(Record excerpts):
***
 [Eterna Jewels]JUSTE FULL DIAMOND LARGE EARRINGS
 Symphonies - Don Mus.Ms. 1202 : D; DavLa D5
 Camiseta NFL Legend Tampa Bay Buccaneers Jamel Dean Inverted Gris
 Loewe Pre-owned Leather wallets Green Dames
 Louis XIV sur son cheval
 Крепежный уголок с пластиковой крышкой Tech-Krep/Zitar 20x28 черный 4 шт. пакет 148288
***
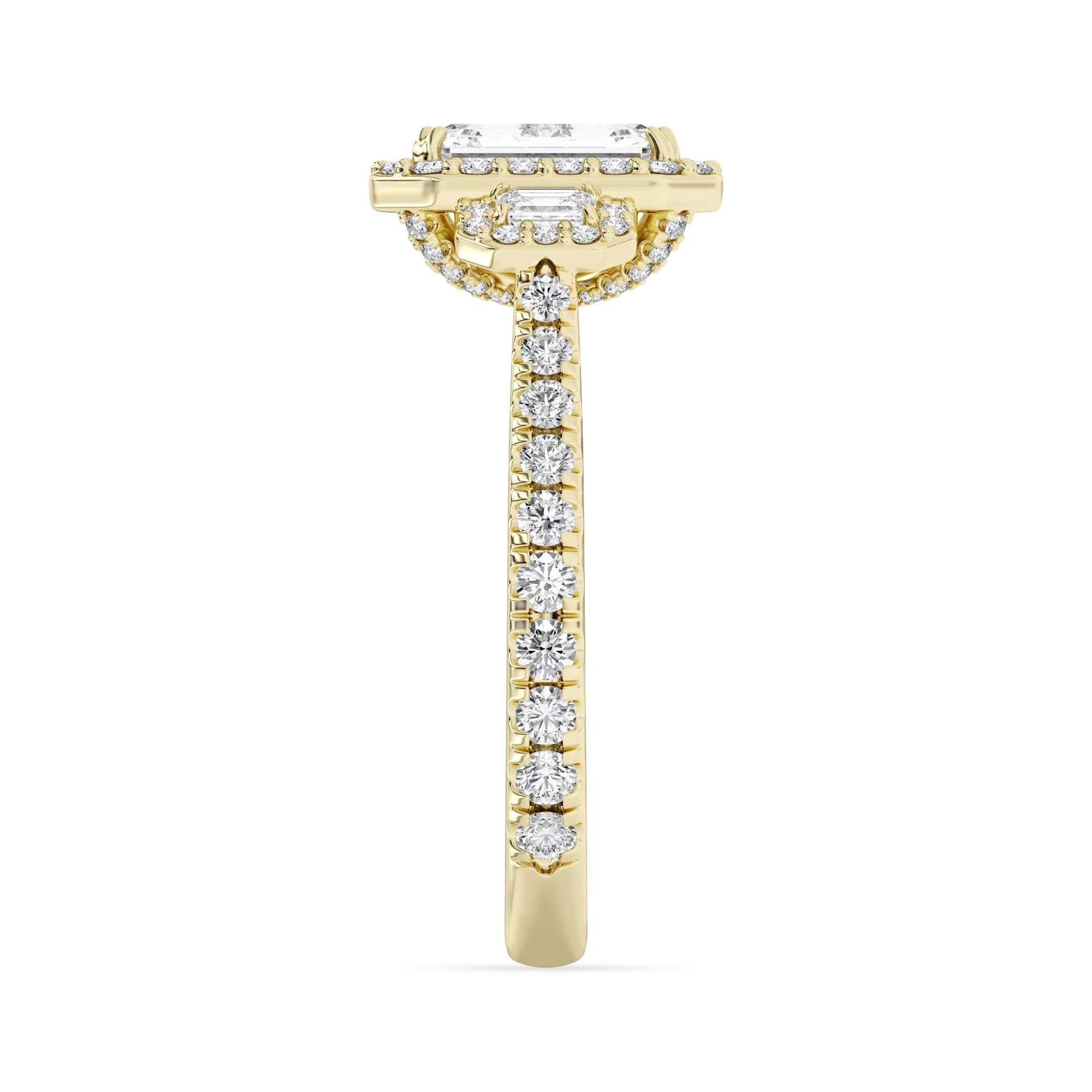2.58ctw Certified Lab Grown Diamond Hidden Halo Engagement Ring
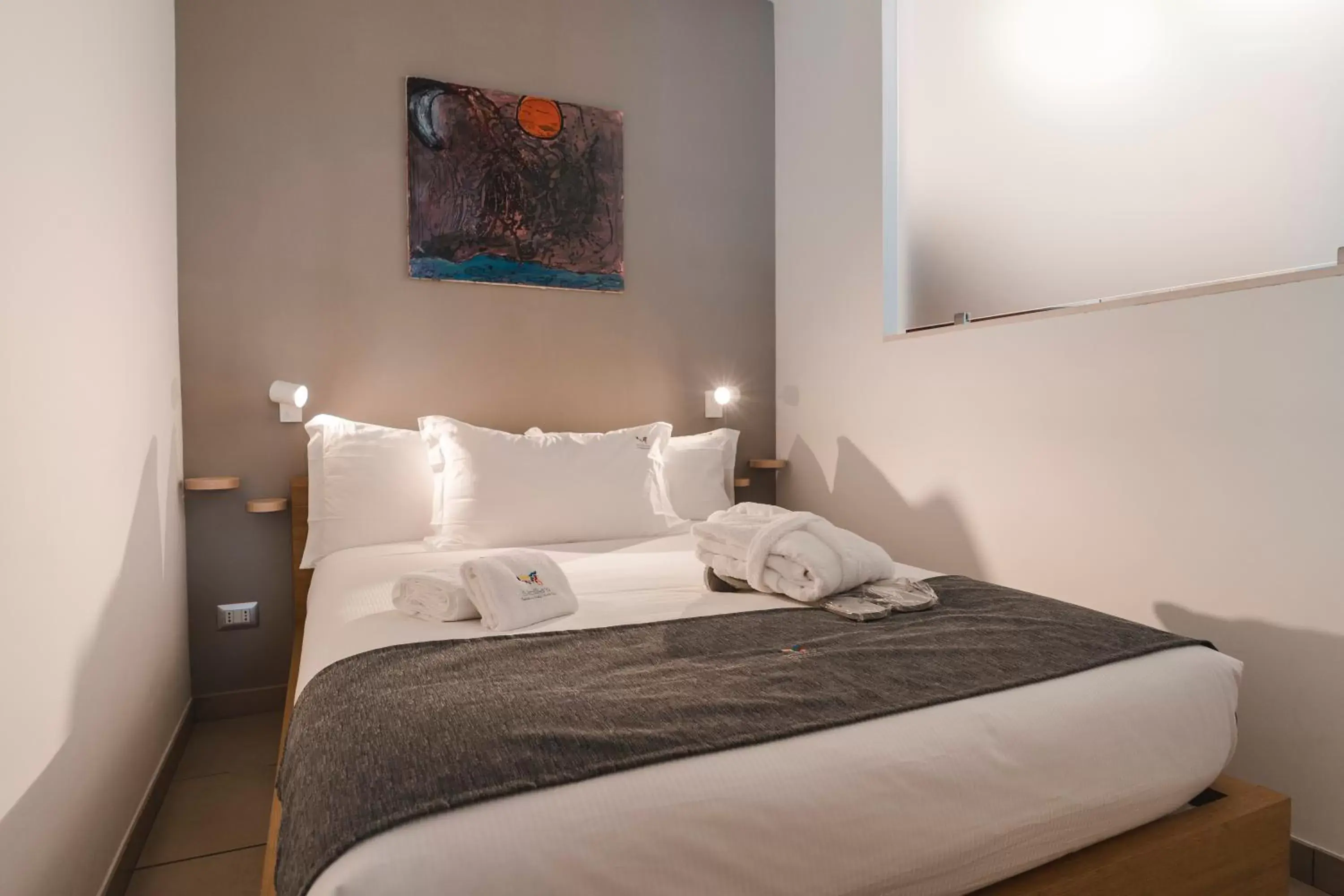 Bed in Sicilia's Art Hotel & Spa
***
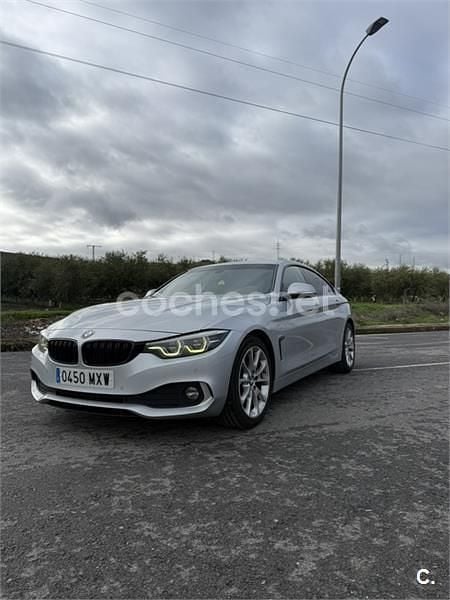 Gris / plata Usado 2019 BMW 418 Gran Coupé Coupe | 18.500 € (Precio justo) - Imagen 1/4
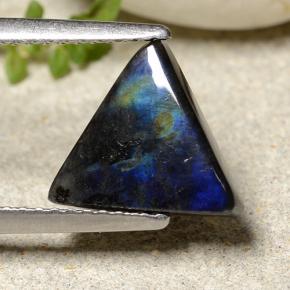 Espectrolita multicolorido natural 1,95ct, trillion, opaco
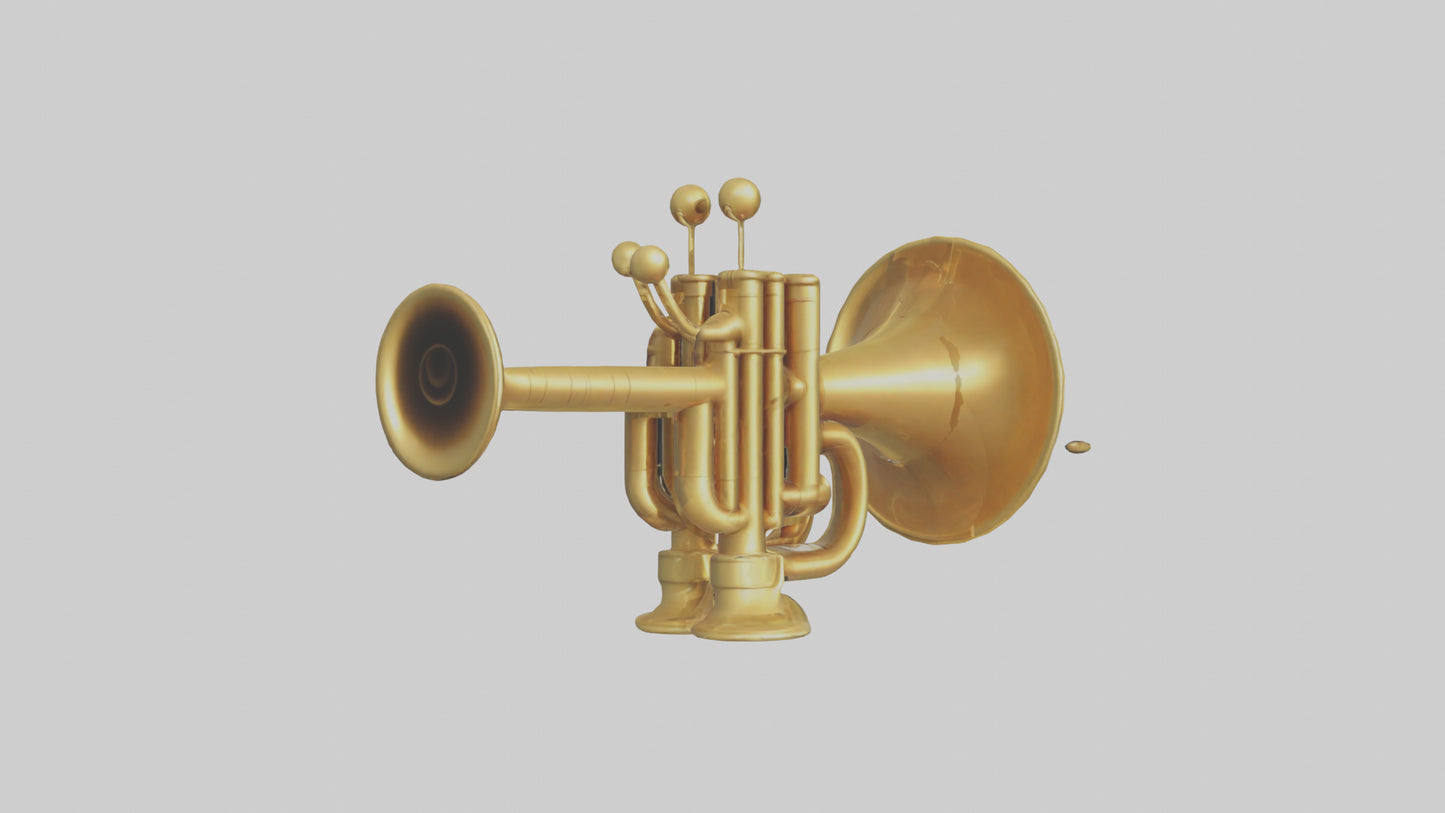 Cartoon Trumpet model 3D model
***
(Directions): Among the entries above, locate the lines containing "Symphonies - Don Mus.Ms. 1202 : D; DavLa D5" and "Крепежный уголок с", and transcribe exactly those two lines and all lines between.

(The completed task):
 Symphonies - Don Mus.Ms. 1202 : D; DavLa D5
 Camiseta NFL Legend Tampa Bay Buccaneers Jamel Dean Inverted Gris
 Loewe Pre-owned Leather wallets Green Dames
 Louis XIV sur son cheval
 Крепежный уголок с пластиковой крышкой Tech-Krep/Zitar 20x28 черный 4 шт. пакет 148288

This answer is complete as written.